Quando ho scelto di entrare in questo settore la prima cosa da decidere era con quale casa d’aste collaborare. Per me la prima cosa che conta è la qualità delle relazioni interpersonali e per lavorare bene mi occorre che l’ambiente lavorativo sia il massimo anche dal punto di vista umano. Voglio avere sempre la possibilità di confrontarmi, essere criticato, criticare e crescere insieme. Conoscevo già da anni Matteo Cambi e Michela Scotti, che stimo e affianco da quando sono arrivato. E nella mia decisione ha contato molto anche il sapere che il poter aggiungere le mie qualità e la mia esperienza di gallerista al brillante lavoro fatto da Michela, avrebbe fatto la differenza e avrebbe ampliato esponenzialmente la portata dei nostri risultati. Io credo che il mio contributo più importante sia stato, oltre al bagaglio di amici collezionisti che da sempre mi seguono e che a me si affidano, anche la voglia spasmodica di rendere l’asta un percorso culturale in cui guidare il fruitore».
N.M.: Qual è per te il momento più importante nella costruzione dell’asta…

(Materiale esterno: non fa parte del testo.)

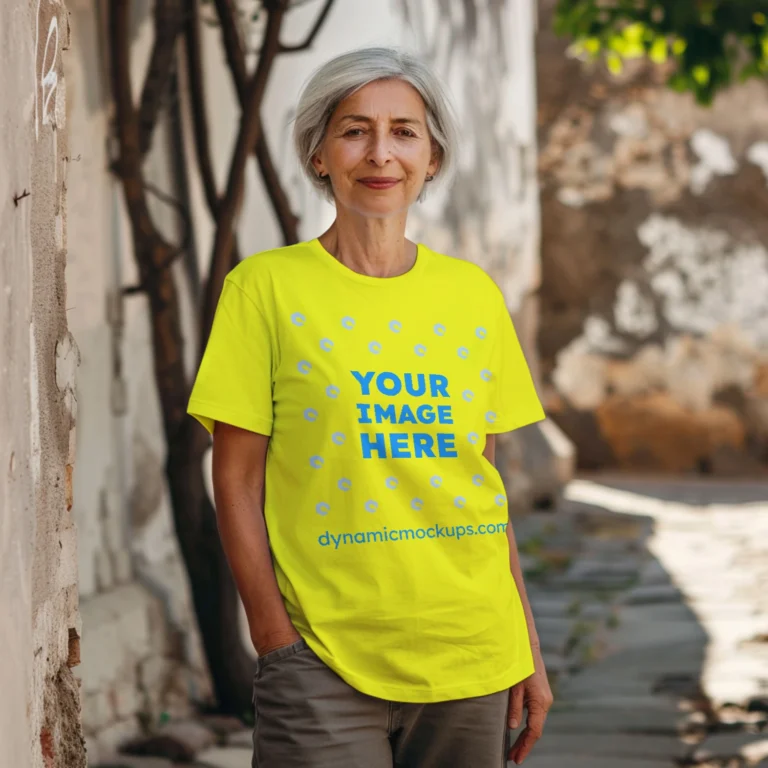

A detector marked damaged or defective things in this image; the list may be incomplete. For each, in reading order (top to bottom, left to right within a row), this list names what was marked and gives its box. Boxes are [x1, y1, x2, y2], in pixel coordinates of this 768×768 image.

peeling paint wall [0, 1, 86, 768]
peeling paint wall [536, 1, 768, 474]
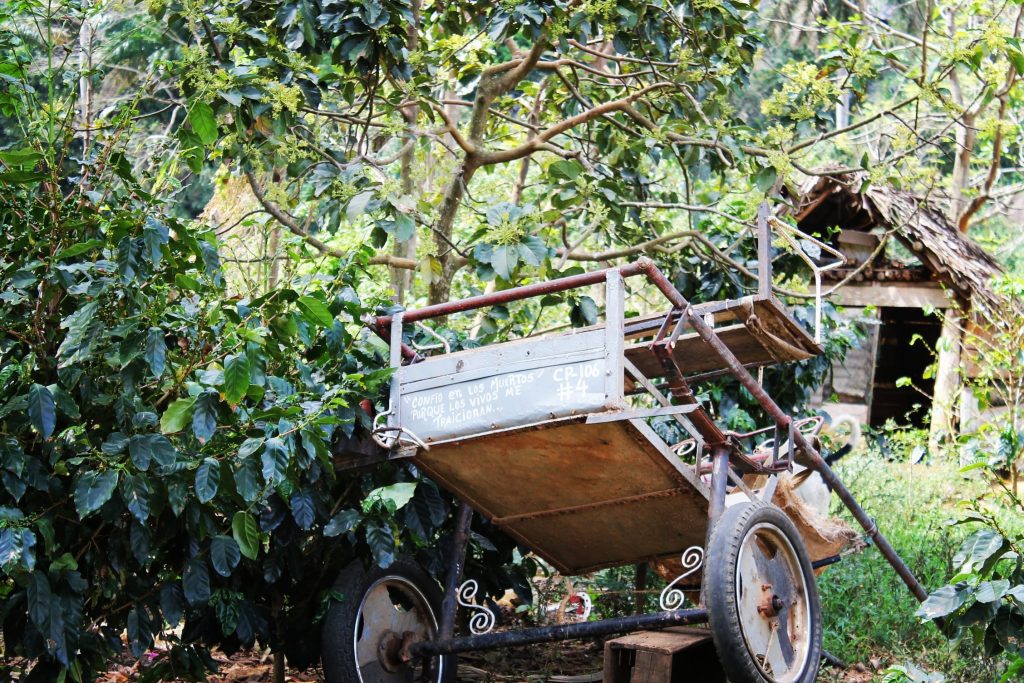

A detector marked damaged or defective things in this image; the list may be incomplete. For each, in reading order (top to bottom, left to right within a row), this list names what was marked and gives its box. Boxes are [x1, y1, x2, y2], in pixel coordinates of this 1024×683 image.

rusted sheet metal [411, 417, 708, 577]
rusty metal frame [374, 208, 929, 667]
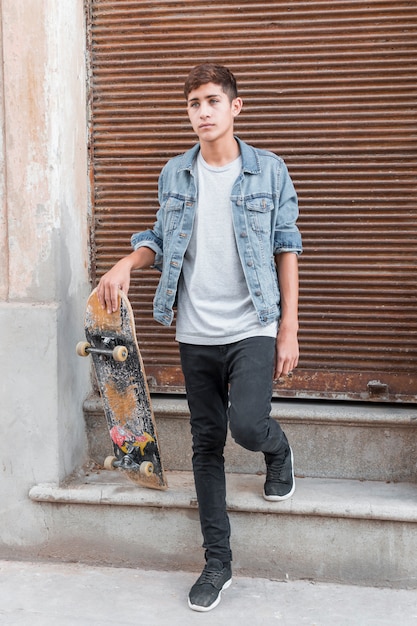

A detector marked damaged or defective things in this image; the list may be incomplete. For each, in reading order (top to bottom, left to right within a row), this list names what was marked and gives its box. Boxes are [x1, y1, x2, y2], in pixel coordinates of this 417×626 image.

D.P.: «Sicuramente quello dell’impaginazione del catalogo che per me, Michela e per la nostra assistente Alice Gregotti – insostituibile per velocità e pazienza nell’assecondarci e nel proporci nuovi punti di vista – rappresenta la sintesi, il momento in cui vogliamo che tutto abbia un senso, come nelle pagine di un libro. Studiamo il punto di partenza e il punto di arrivo, in modo che chi consulta il catalogo, sia in forma cartacea che online, ne esca soddisfatto non solo per la qualità dei lotti, ma anche per il senso che abbiamo dato alla loro lettura. In questo, i brevi testi critici su alcuni gruppi o movimenti, che spesso accompagnano “il viaggio” attraverso le opere in catalogo, vogliono essere un momento di riflessione che spieghi perchè quel gruppo o quel movimento siano da tenere in considerazione. Insomma fare mercato deve essere obbligatoriamente anche fare cultura: l’asta per distinguersi deve essere un’esposizione come avviene in galleria. Con una ricerca e una logica che vadano oltre il mero aspetto commerciale».